Isn’t there another movie with the same name already?
There is — and this one seems to be a sequel. Or at least a reboot of the franchise. The first Candyman was an adaptation of a Clive Barker short story titled "The Forbidden." But while Barker's tale took place in Liverpool, director Bernard Rose (Paperhead), who wrote and directed the 1992 film, set it in Chicago in a public housing development called Cabrini-Green, known for its poor construction and high crime rate. (This allowed the movie to touch on themes of race and class and how they would intersect to affect this environment.)
And much like the story it’s based on, the film follows the tale of Helen Lyle (Swamp Thing’s Virginia Madsen), a graduate student who is working on a thesis about urban legends, which leads her to discover graffiti referencing a figure known as the "Candyman" (played by Night of the Living Dead’s Tony Todd). The titular horror is said to be summoned when someone says his name five times in a row while looking into a mirror, after which he kills said person using the hook he has instead of a right hand.
Helen soon connects the legend of the Candyman to at least 25 murders that have taken place at Cabrini-Green. However, when she tries to summon the Candyman herself, she discovers that some urban legends are not to be messed with...
What is this new movie about?
Well, this one takes place a decade after the last of the poorly built Cabrini towers have been torn down to make way for a bunch of luxury high-rises and townhouses.

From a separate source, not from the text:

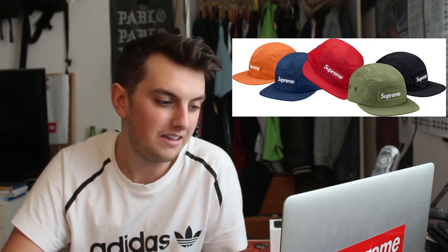Next up is the Gonz head camp cap — a really wild hat. I do like the Gonz designs they're doing throughout the season, but this is too much on this hat. It's very bold, very bright, very loud, so it's a pass. Then there's the washed nylon camp cap — I thought this might have been a cop but after zooming in I just don't like how that material looks. Supreme just seems to do camp caps in every material possible each season, but fair play they always sell out.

The movie centers on visual artist Anthony McCoy (Watchmen's Yahya Abdul-Mateen II) and his gallery director girlfriend Brianna Cartwright (WandaVision's Teyonah Parris), who have just moved into a loft in the now-gentrified neighborhood.
When Anthony learns of the legend of the Candyman, he can't help but start channeling him into his paintings in an attempt to kick his artist's block. However, his desire to remain relevant in the art world may have bigger repercussions than he'd anticipated as it seems to open up a whole can of worms, and he slowly begins to lose his grip on this world, and unleashes a fresh new wave of violence.
But what is the connection between the two films?
While Barker's short story might not feature any backstory for the titular character, Rose's movie gives him one — and it's pretty heartbreaking. You see, the original Candyman was a man by the name of Daniel Robitaille, the son of a slave who went on to grow up and become a talented artist who was often hired to paint portraits of wealthy white people. However, when he fell in love and got a daughter from one of these families pregnant, her father sent a mob after him, and they cut off his right hand and replaced it with a hook. They also slathered him in honeycomb from a local apiary, causing the bees to sting him to death.
However, Robitaille survived just long enough for his spirit to escape into a mirror, leading to his new existence. Meanwhile, his corpse is burned, with the ashes being scattered across the grounds that eventually go on to become the Cabrini-Green Housing Project, and later, the Cabrini-Green neighborhood.
And not only is Robitaille a painter just like Anthony himself, but their connection might run a lot deeper than that. As it turns out, Anthony might be the baby from the first film, who'd been kidnapped by the Candyman 28 years ago. His mother, Anne-Marie McCoy (original actress Vanessa Estelle Williams, reprising her role), had been the one to first tell Helen of the myth, which prompted her whole exploration in the first place.
Who else is in this film?
The original Candyman actor himself, Tony Todd, will be playing a part in this film, though neither DaCosta nor Peele will reveal what. Also in the cast are Colman Domingo (Fear the Walking Dead) as the older Cabrini-Green resident who tells Anthony about the Candyman legend, and Nathan Stewart-Jarett (Misfits), who is Brianna's brother Troy.
Candyman will hit theaters on Aug. 27.